Еще в тюрьме, ведя продолжительные беседы на тему о перспективах российской революции, мы все в последнее время окончательно пришли к выводу, что революция уперлась в вооруженное восстание и что вряд ли представится более удобный момент, чем сейчас, когда партия, окрепшая отчасти благодаря корниловскому восстанию, достигла наконец колоссального влияния в рабочих, солдатских и даже крестьянских массах.
В тюрьме мы не могли наглядно представить себе действительных размеров движения, но уже первый день в Смольном и многочисленные беседы с товарищами окончательно убедили меня, что настроение масс достигло точки кипения, что они в самом деле готовы для борьбы и партии нужно немедленно возглавить движение, призвать рабочий класс и крестьянство к новой революции, чтобы не упустить на долгое время исключительно благоприятный момент.
Встретившись с Л. Б. Каменевым, моим старинным другом, я тотчас завел с ним разговор на тему о «наших разногласиях». Исходный пункт Льва Борисовича сводился к тому, что наша партия еще не подготовлена к перевороту. Правда, за нами идут большие и разнородные массы, они охотно принимают наши резолюции, но от «бумажного» голосования до активного участия в вооруженном восстании еще очень далеко. От Петербургского гарнизона трудно ожидать боевой решимости и готовности победить или умереть. При первых критических обстоятельствах солдаты нас бросят и разбегутся.
— С другой стороны, правительство, — говорил тов. Каменев, — располагает великолепно организованными и преданными ему войсками: казаками и юнкерами, которые сильно натравлены против нас и будут драться отчаянно, до конца.

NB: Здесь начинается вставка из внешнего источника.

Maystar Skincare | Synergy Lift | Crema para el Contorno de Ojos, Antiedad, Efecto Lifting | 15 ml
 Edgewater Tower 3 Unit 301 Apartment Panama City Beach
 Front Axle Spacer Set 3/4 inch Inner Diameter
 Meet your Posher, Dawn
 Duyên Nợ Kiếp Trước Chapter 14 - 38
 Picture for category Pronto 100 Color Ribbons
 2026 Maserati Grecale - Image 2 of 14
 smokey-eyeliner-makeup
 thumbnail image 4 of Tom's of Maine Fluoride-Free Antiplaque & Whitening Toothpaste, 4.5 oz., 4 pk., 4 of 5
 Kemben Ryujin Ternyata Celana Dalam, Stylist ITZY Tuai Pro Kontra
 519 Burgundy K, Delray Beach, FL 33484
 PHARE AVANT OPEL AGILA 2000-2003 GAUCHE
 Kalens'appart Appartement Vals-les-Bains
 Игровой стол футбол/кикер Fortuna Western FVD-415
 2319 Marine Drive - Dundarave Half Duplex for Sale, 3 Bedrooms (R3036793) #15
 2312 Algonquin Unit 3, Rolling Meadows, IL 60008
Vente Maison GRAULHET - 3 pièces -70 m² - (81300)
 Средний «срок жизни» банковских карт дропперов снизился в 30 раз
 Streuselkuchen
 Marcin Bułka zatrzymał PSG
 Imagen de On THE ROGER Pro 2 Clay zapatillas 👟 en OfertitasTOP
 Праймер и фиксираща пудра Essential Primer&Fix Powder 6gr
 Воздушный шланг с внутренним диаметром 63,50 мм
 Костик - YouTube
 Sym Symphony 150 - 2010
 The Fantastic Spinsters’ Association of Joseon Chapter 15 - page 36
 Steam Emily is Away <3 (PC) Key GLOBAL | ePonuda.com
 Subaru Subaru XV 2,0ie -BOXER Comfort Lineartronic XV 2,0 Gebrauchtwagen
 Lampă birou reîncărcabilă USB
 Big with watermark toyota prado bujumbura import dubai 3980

Делая отсюда неутешительные выводы относительно наших шансов на победу, тов. Каменев приходил к заключению, что неудачная попытка восстания приведет к разгрому и гибели нашей партии, тем самым отбросит нас назад и надолго задержит развитие революции. Я не мог разделять эту точку зрения и откровенно высказал свои соображения тов. Каменеву. Но, как всегда бывает между убежденными людьми, мы оба разошлись, оставшись каждый при своем мнении.
Тов. Пелехов, неотлучно сопровождавший меня, уже давно настаивал на отъезде, так как он обещал Кронштадтскому комитету сразу из тюрьмы привезти меня в Кронштадт и, наверное, «ребята» уже давно ждут на пристани. Мы вышли из Смольного и, сев на приготовленный катер, пошли в Кронштадт.
Славный парень был этот Пелехов! Горячий, вспыльчивый, решительный и отважный матрос с честной революционной душой. Февральская революция застала его на каторге, где он очутился после одного из многочисленных процессов кронштадтских моряков. В царской тюрьме он надломил здоровье и, вероятно, оттуда вынес лихорадочный блеск своих глаз, впалые щеки, худое сложение и чахоточный кашель. В первые же дни революции он был выбран членом Кронштадтского Совета. Порывистый энтузиаст, он не мог ни одной минуты сидеть спокойно, когда обсуждался какой-нибудь животрепещущий вопрос. Он воодушевлялся, брал слово, произносил взволнованную речь, но, наконец, его голос срывался, он захлебывался и, чувствуя себя не в силах выразить всю полноту обуревавших его чувств, бессильно махал рукой с крепко зажатой матросской фуражкой и нервно садился на свое место.